Assicurazioni Generali SPA v CGU International Insurance PLC

Court of Appeal
[2004] EWCA Civ 429
Peter Gibson LJ, Tuckey LJ, Sir Martin Nourse
April 2004

 
This case examines the meaning and effect of a follow the settlements clause: a reinsurer is entitled to raise issues as to the scope of the reinsurance contract even where the insurance is back to back.

The Court of Appeal upheld the decision of Mr Gavin Kealey QC, sitting as Deputy High Court Judge in the Commercial Court - [2003] EWHC 1073 (Comm).

The insurance covered contractors' risks for the installation and maintenance of power cables to be laid under the St. Lawrence river. In due course there was damage and loss. When the claim under the insurance was made a variety of coverage issues arose, which included whether the claim was for unforeseen and sudden physical loss, whether the proximate cause of the loss was faulty design, bad workmanship and/or wear and tear, and whether there was one or more than one loss. The claim was eventually settled for $4 million.

Generali reinsured 80% of its liability under the original insurance with CGU and a number of Lloyd's syndicates. The reinsurance was:

"As original: ….subject to the same terms, clauses and conditions, special or otherwise, as the original policy or policies and is to pay as may be paid thereon and to follow without question the settlements of the Reassured except ex-gratia and/or without prejudice settlements."

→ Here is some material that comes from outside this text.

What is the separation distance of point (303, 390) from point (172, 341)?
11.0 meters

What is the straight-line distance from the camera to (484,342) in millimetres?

The Lloyd's market paid its share of the claim but CGU refused to do so. CGU relied on the two provisos to liability on a follow the settlements clause set out in The Insurance Company of Africa v Scor (UK) Reinsurance Co (1985) Lloyd's Rep 312, namely that the claim did not fall within the reinsurance and that Generali had not taken all proper and business like steps in making the settlement. Generali contended that the decision in Scor and the particular wording of the follow the settlements clause meant that the defendants could not rely on either provision.

At the hearing of Generali's application for summary judgment the Judge held that the words "without question" did not preclude CGU from relying on either of the Scor provisos. The words "without question" were used on the assumption that all proper and business like steps would be taken and emphasised that reinsurers had agreed to be bound by an admission or compromise of liability by insurers.

Generali appealed on the basis that CGU was not entitled to raise coverage issues where the insurance and reinsurance were on back to back terms. Generali argued that once issues are settled by insurers with their assured, that settlement is binding on reinsurers who cannot raise the same coverage issues in defence of the claim on the reinsurance, any defence being confined to terms peculiar to the reinsurance. Secondly, Generali submitted that the parties could not have intended the words "without question" simply to add emphasis.

In giving judgment, Lord Justice Tuckey expressly approved the following passage from a judgment by Evans J in the case of Hiscox v Outhwaite (no.3) (1991)2 Lloyd's Rep 524:

"…the reinsurer is always entitled to raise issues as to the scope of the reinsurance contract and where the risks are co-extensive with those of the underlying insurance he is not precluded from raising such issues, even when there is a "follow the settlement" term of the reinsurance contract."

Neither Evans J, nor Lord Justice Tuckey in this judgment, found this position to be at odds with the fact that an insurer does not have to prove that if the original claim was fully argued it would have succeeded, as is established law. Reinsurers are bound by reasonable compromises on liability and quantum between the insurers and their assured under the terms of the original policy.

The Court of Appeal also approved of the Judge's use of the words "the claim so recognised" in the context of the first Scor proviso. Lord Justice Tuckey felt that this gave some sensible added meaning to the clause. He said it gave substance to the fact that the reinsurer cannot require the insurer to prove that the assured's claim was in fact covered by the original policy, but requires him to show that the basis on which he settled it was one which fell within the terms of the reinsurance as a matter of law or arguably did so.

The Court of Appeal did not accept Generali's second submission either. The courts have not felt compelled to restrict the Scor provisos where variants of the standard follow the settlements clause have been used. Previously where the words "liable or not liable" or "in every respect.. unconditionally binding" have been used the provisos have still been held to apply. "Without question" can now be added to this list. The Court of Appeal accepted that the second proviso could be excluded, but stated that clear words would be required to do so.